C’était le rêve de tous les garçons.

PAR MARC SCHINDLER, Alès (France)

L’uniforme avec les galons dorés, la casquette, le teint bronzé, les lunettes noires, les grands voyages, les hôtels de luxe, les jolies hôtesses: pilote de ligne! Mais ça ne fait plus rêver, depuis la guerre du Golfe. Avant, c’était le temps du prestige, des gros salaires. Le temps où voyager en avion était un privilège réservé aux riches. Fini tout ça: on peut aller passer ses vacances à New York pour 373 euros aller et retour. Si vous préférez voler Français, il vous en coûtera 669 euros!

Air France, mariée au néerlandais KLM, a pris en pleine figure les compagnies à bas prix (low-cost en franglais). Easy Jet, Ryanair et les autres flibustiers du ciel cassent les prix à tout va et les clients adorent. Fini le champagne à bord, les repas raffinés, les jolies hôtesses attentionnées.
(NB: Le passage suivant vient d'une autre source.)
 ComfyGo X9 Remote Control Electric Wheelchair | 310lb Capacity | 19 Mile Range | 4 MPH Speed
Aujourd’hui, l’avion, c’est l’autobus des airs. Et les compagnies traditionnelles, celles dont les noms faisaient rêver – Air France, British Airway, Swissair, Lufthansa, Alitalia, TWA, American Airline – luttent pour survivre. Elles ont fusionné ou même sombré. Pour garder la tête hors de l’eau, toutes les compagnies aériennes ont dû casser leurs prix: hors du low-cost, pas de salut!
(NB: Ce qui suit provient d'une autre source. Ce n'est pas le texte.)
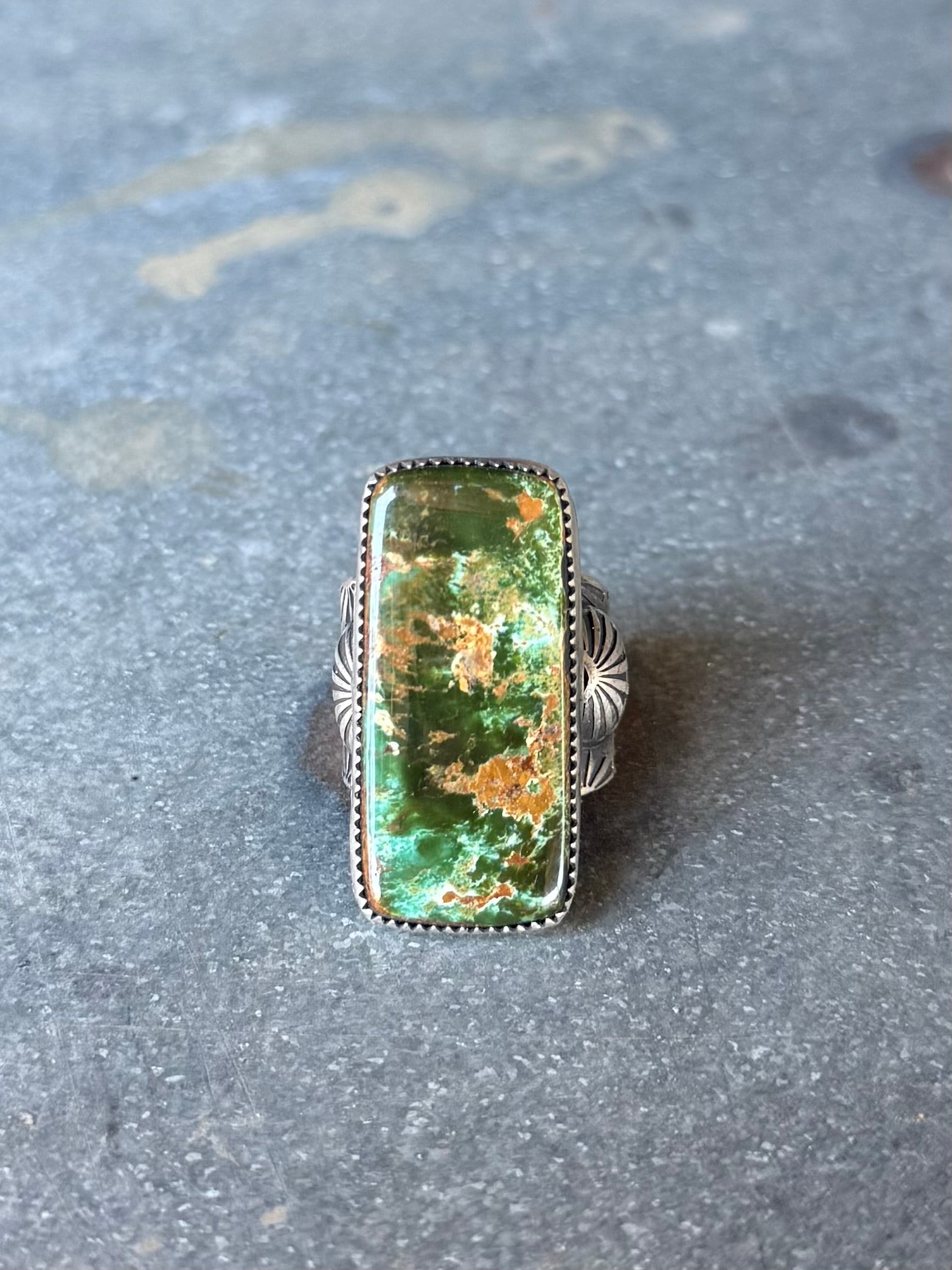 Size 8 Royston Ring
Evidemment, ces princes qui nous pilotent font la grimace. Quant on est commandant de bord sur A380 chez Air France, on gagne , selon Le “Parisien”, entre 155 000 et 196 000 euros par an pour 670 heures de travail par an. Sur Transavia, la filiale low cost, on doit se contenter de 139 000 à 160 000 euros par an, pour 700 heures de vol par an. Les pilotes français volent 20-25% de moins que leurs collègues européens.
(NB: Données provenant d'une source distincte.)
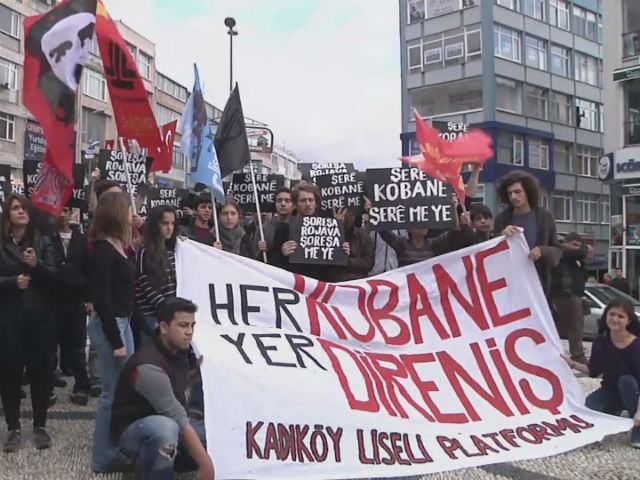 В Стамбуле протестуют против бездействия власти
Bon, d’accord, pilote de ligne, c’est un métier stressant, avec les horaires irréguliers, les changement de fuseaux horaires, la responsabilité de la vie des passagers. Mais quand les Français travaillent en moyenne plus de 1600 heures par an et gagnent en moyenne 2187 euros net par mois, il y a certainement plus malheureux qu’un pilote d’Air France! Depuis plusieurs années, les dirigeants de la compagnie aérienne ont multiplié les plans sociaux. Comme le rappelle le “Monde“: «En deux ans, le transporteur aérien a en particulier mis en œuvre deux programmes de réduction d’effectif. Son plan Transform, lancé à l’été 2012, à peine mis en œuvre en 2013, a nécessité une deuxième couche à l’automne. Ce devait être la dernière, avait promis M. de Juniac . La difficulté est que le monde ne s’arrête pas plus de tourner que les concurrents de se battre. Le PDG d’Air France-KLM a confirmé, devant l’assemblée générale de ses actionnaires mardi 20 mai, que les efforts de productivité et de réduction de coûts ne sont pas terminés.»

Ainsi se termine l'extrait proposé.